***** Record set *****

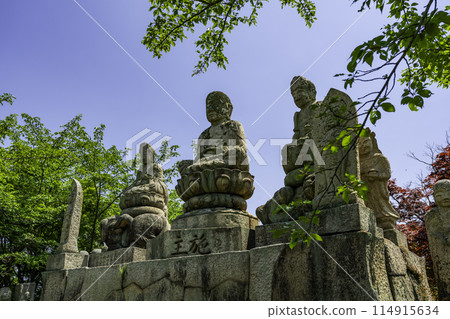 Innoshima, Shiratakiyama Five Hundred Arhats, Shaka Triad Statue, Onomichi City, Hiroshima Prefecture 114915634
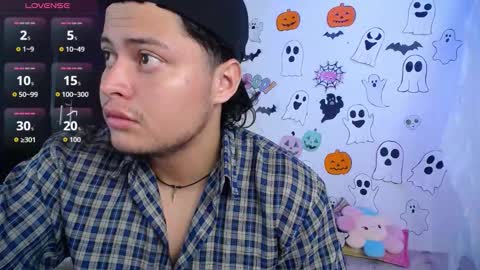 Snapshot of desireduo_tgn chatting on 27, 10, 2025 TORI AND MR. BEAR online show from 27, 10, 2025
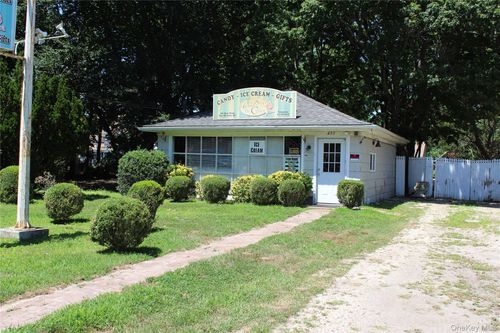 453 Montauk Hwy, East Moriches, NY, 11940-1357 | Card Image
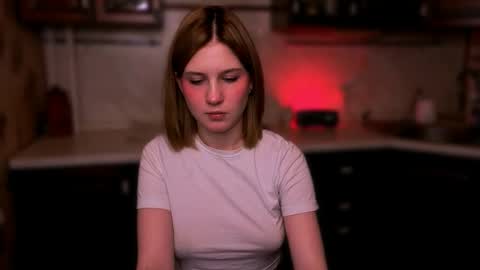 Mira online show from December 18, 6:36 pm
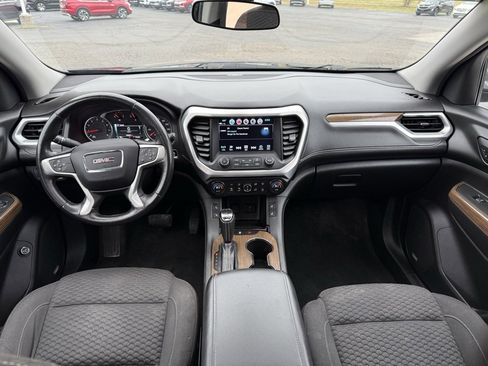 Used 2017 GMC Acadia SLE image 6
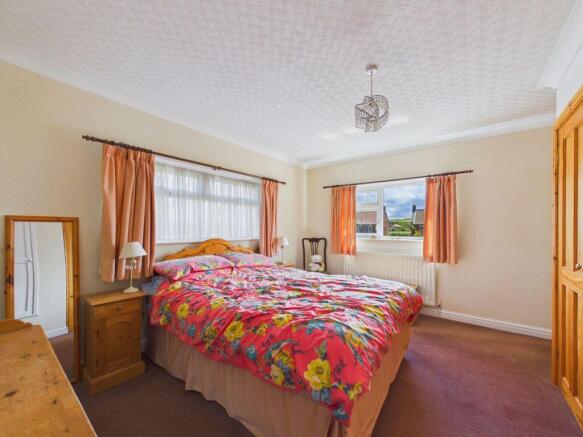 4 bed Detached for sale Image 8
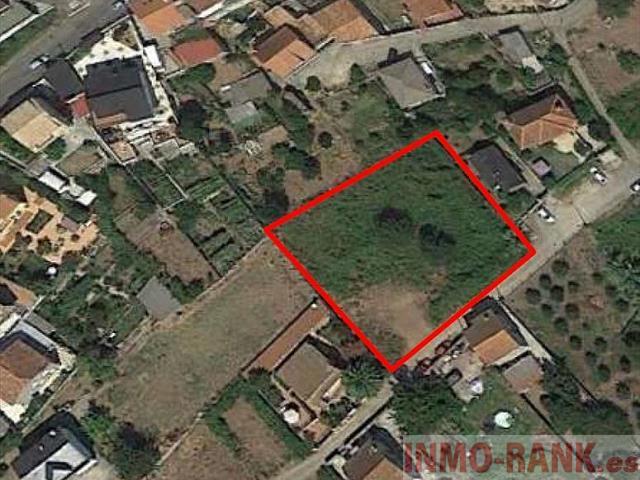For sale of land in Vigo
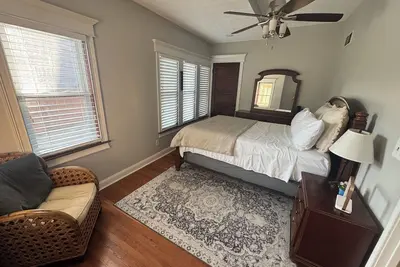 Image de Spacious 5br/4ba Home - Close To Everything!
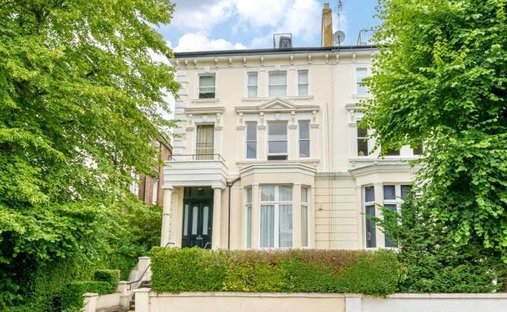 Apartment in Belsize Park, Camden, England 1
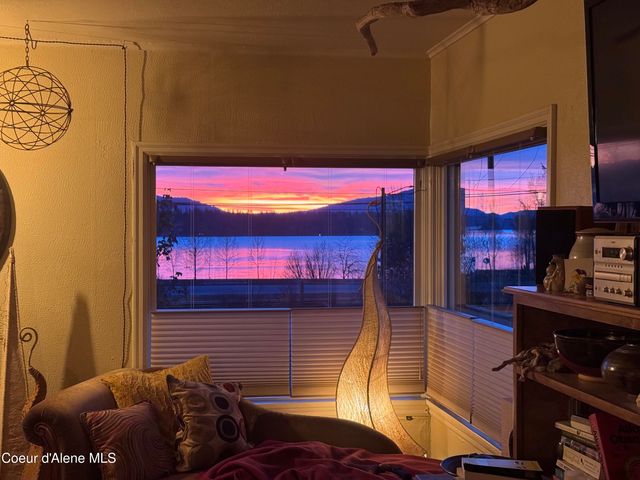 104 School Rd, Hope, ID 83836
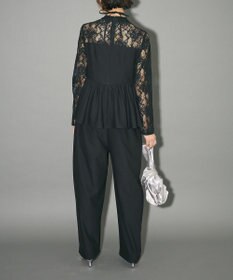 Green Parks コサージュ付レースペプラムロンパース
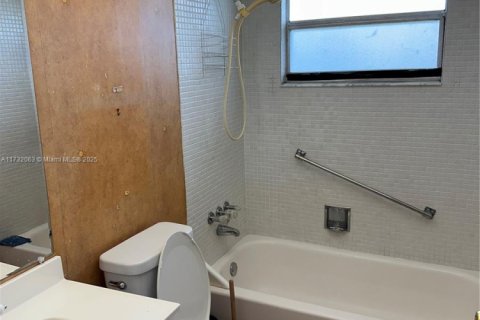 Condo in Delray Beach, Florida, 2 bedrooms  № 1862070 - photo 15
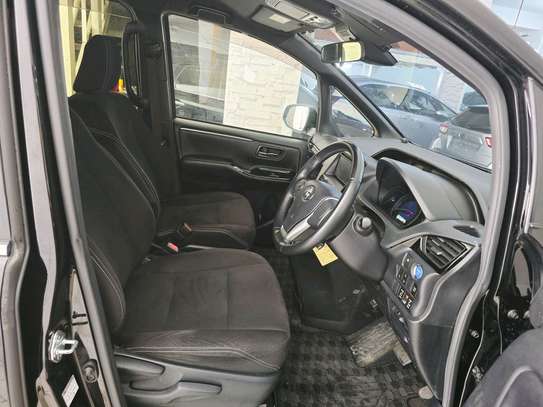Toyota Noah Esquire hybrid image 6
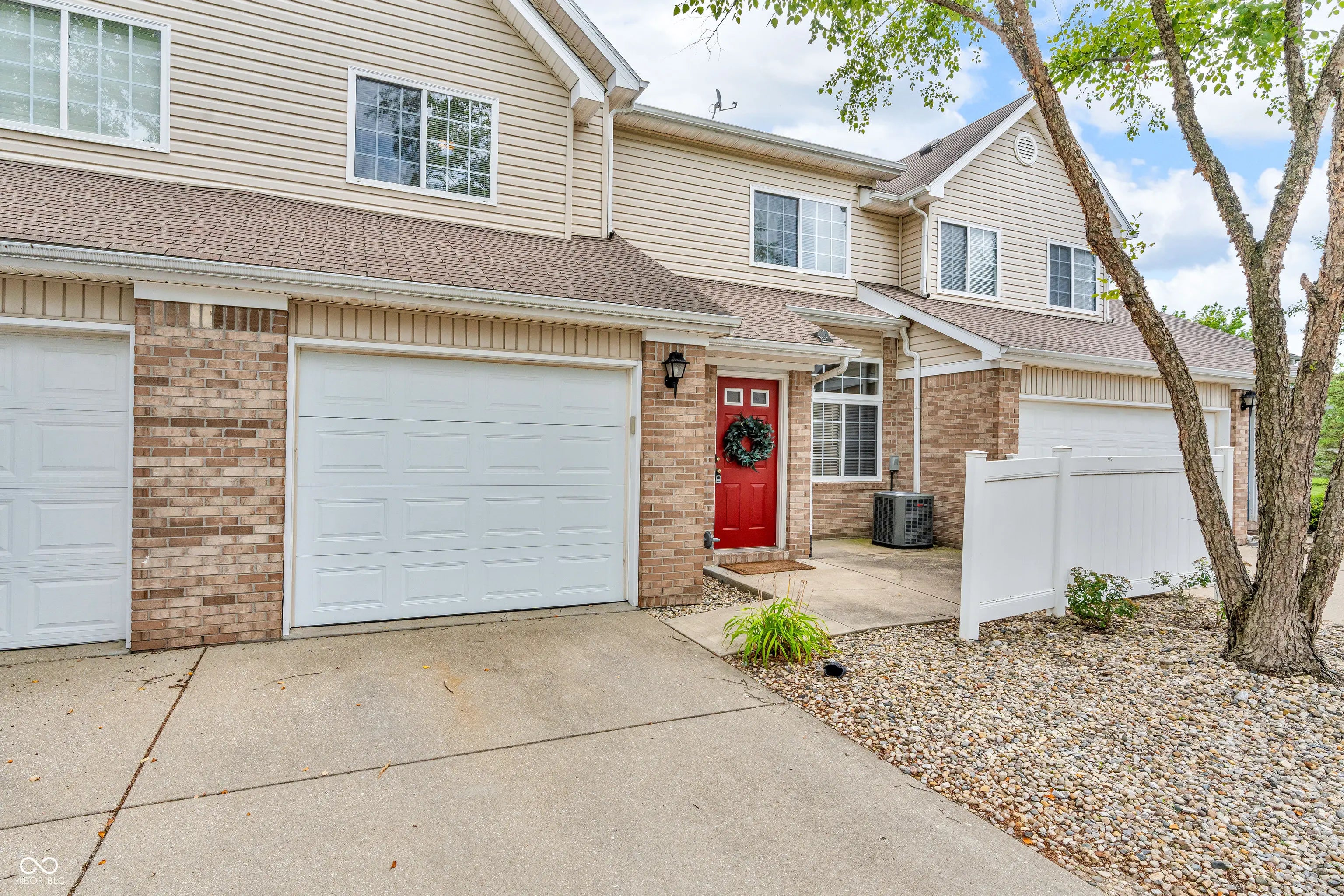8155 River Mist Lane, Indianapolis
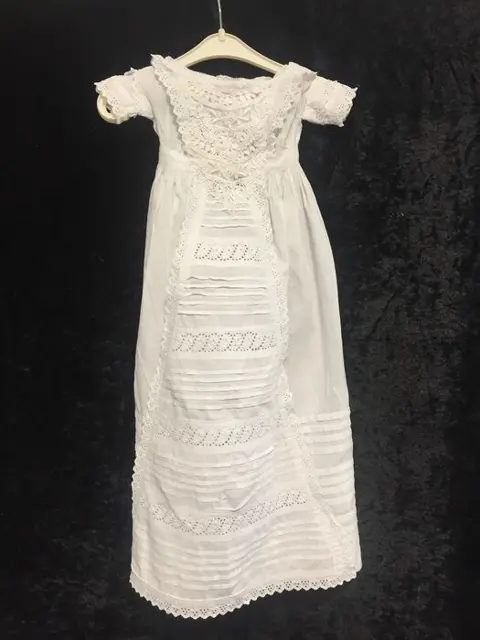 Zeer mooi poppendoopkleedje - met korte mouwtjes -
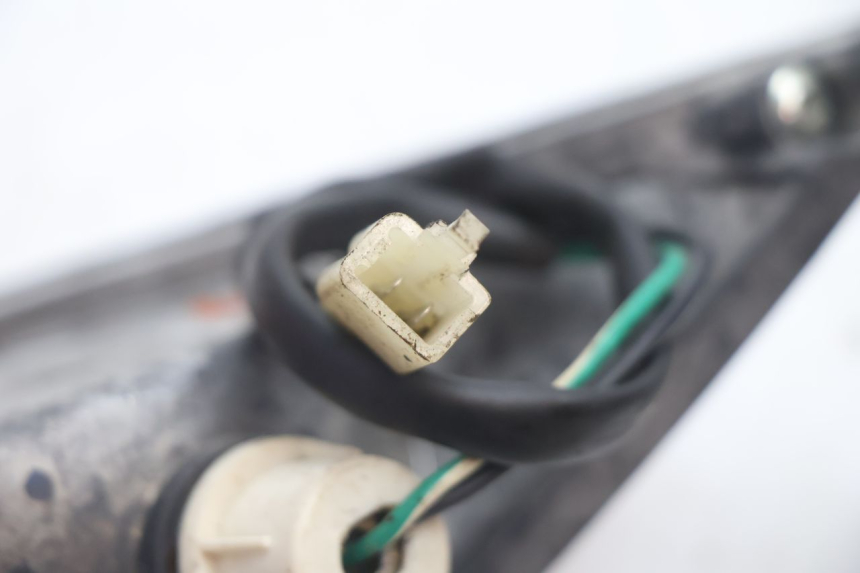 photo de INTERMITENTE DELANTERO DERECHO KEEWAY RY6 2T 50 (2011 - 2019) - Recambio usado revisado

*****

# [The task]
When you retype the material above, copy each line exactly and drop whatever images appear in it.

# [Result for this task]
 Innoshima, Shiratakiyama Five Hundred Arhats, Shaka Triad Statue, Onomichi City, Hiroshima Prefecture 114915634
 Snapshot of desireduo_tgn chatting on 27, 10, 2025 TORI AND MR. BEAR online show from 27, 10, 2025
 453 Montauk Hwy, East Moriches, NY, 11940-1357 | Card Image
 Mira online show from December 18, 6:36 pm
 Used 2017 GMC Acadia SLE image 6
 4 bed Detached for sale Image 8
For sale of land in Vigo
 Image de Spacious 5br/4ba Home - Close To Everything!
 Apartment in Belsize Park, Camden, England 1
 104 School Rd, Hope, ID 83836
 Green Parks コサージュ付レースペプラムロンパース
 Condo in Delray Beach, Florida, 2 bedrooms  № 1862070 - photo 15
Toyota Noah Esquire hybrid image 6
8155 River Mist Lane, Indianapolis
 Zeer mooi poppendoopkleedje - met korte mouwtjes -
 photo de INTERMITENTE DELANTERO DERECHO KEEWAY RY6 2T 50 (2011 - 2019) - Recambio usado revisado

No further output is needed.